▶ [Assignment]: The complete listing goes into the output exactly, without its pictures.

▶ [Source data]:
##############################

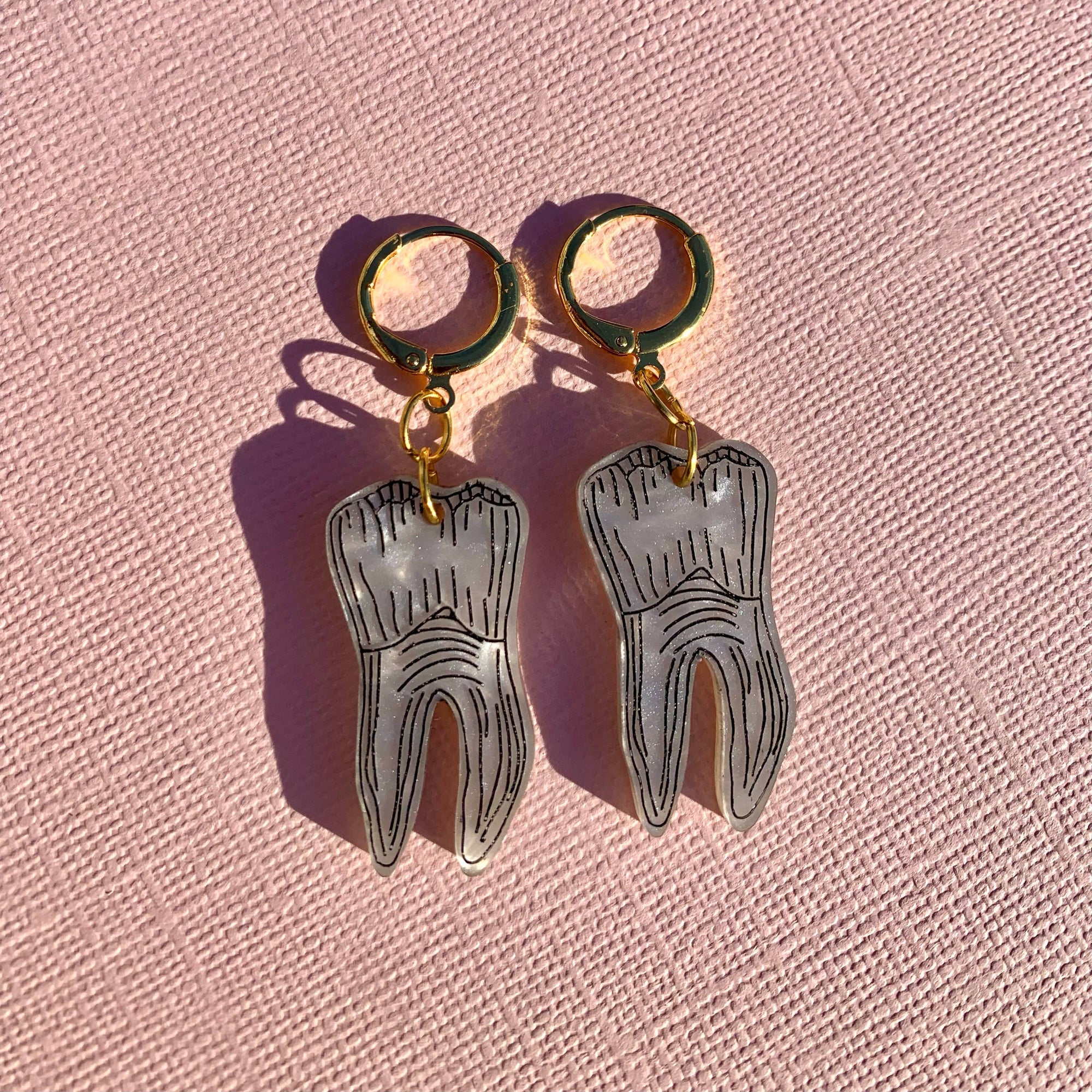 Silver tooth-shaped earrings on gold hooks against a pink textured background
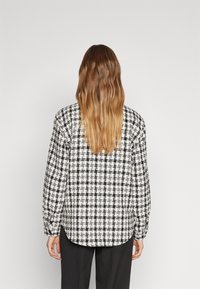 Sort-hvid ternet bluse med lange ærmer, afslappet pasform og rund kant, fremstillet af tekstureret stof.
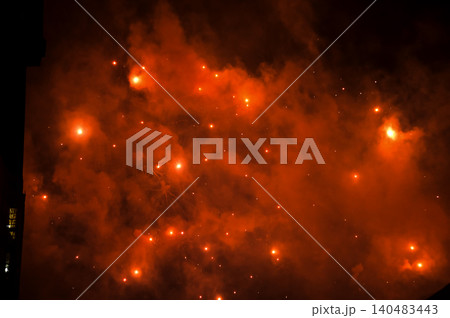 Stunning and colorful fireworks display in the night sky with smoke during explosion. Real fireworks background. Abstract of real shining fireworks against black background. for celebration. Stunning and colorful fireworks display in the night sky with smoke during explosion. Real fireworks background. Abstract of real shining fireworks against black background. for celebration. 140483443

##############################

▶ [Answer to this exercise]:
 Silver tooth-shaped earrings on gold hooks against a pink textured background
 Sort-hvid ternet bluse med lange ærmer, afslappet pasform og rund kant, fremstillet af tekstureret stof.
 Stunning and colorful fireworks display in the night sky with smoke during explosion. Real fireworks background. Abstract of real shining fireworks against black background. for celebration. Stunning and colorful fireworks display in the night sky with smoke during explosion. Real fireworks background. Abstract of real shining fireworks against black background. for celebration. 140483443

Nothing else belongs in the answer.